*Records to process*.
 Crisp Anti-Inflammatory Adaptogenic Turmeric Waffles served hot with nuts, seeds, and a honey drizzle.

...

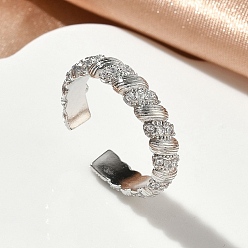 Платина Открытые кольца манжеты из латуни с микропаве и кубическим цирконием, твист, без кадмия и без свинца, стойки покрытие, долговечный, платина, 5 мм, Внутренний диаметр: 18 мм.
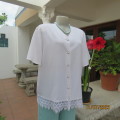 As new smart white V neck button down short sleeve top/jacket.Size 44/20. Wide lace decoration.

---

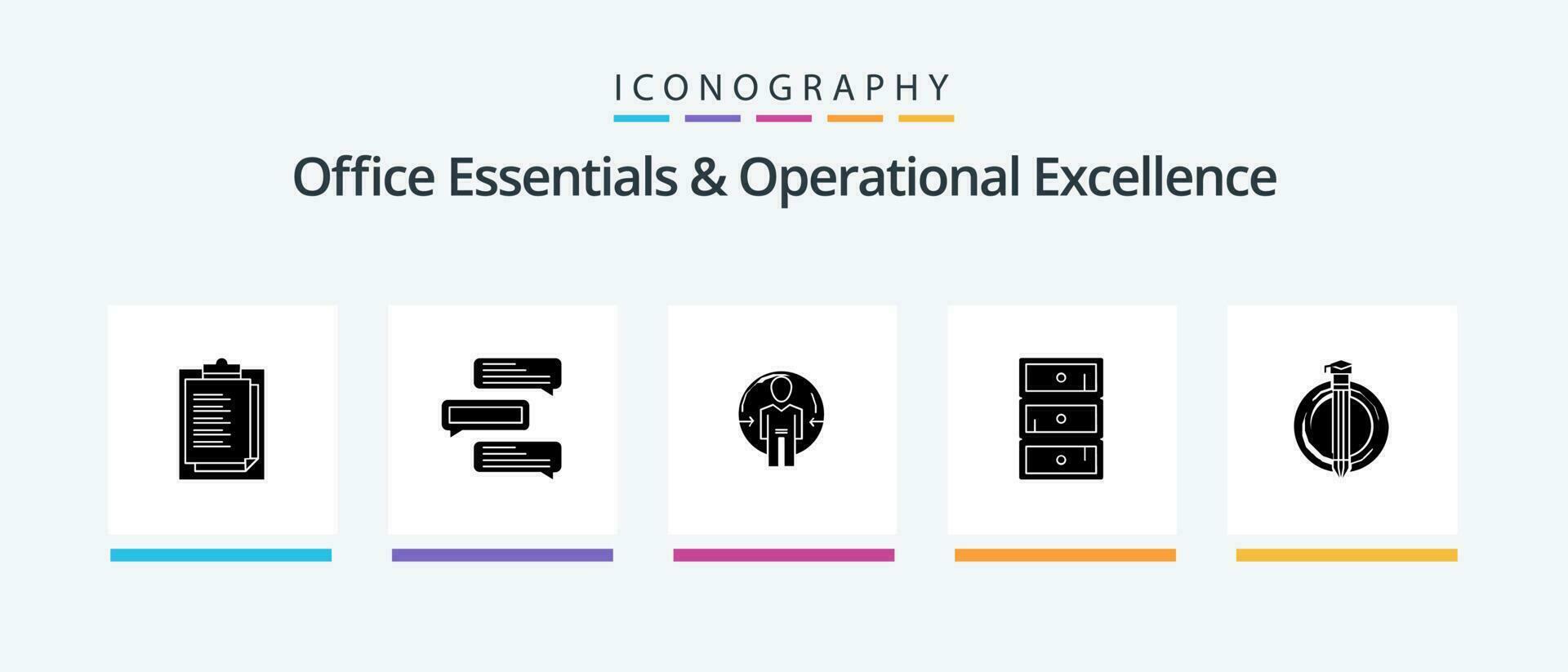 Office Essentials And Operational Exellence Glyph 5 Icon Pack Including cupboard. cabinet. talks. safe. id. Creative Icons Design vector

*Work task*.
Look above for the line with "Платина Открытые кольца", then give again exactly every line from there through the line with "As new smart", skipping the pictures.

*Problem solution*.
 Платина Открытые кольца манжеты из латуни с микропаве и кубическим цирконием, твист, без кадмия и без свинца, стойки покрытие, долговечный, платина, 5 мм, Внутренний диаметр: 18 мм.
 As new smart white V neck button down short sleeve top/jacket.Size 44/20. Wide lace decoration.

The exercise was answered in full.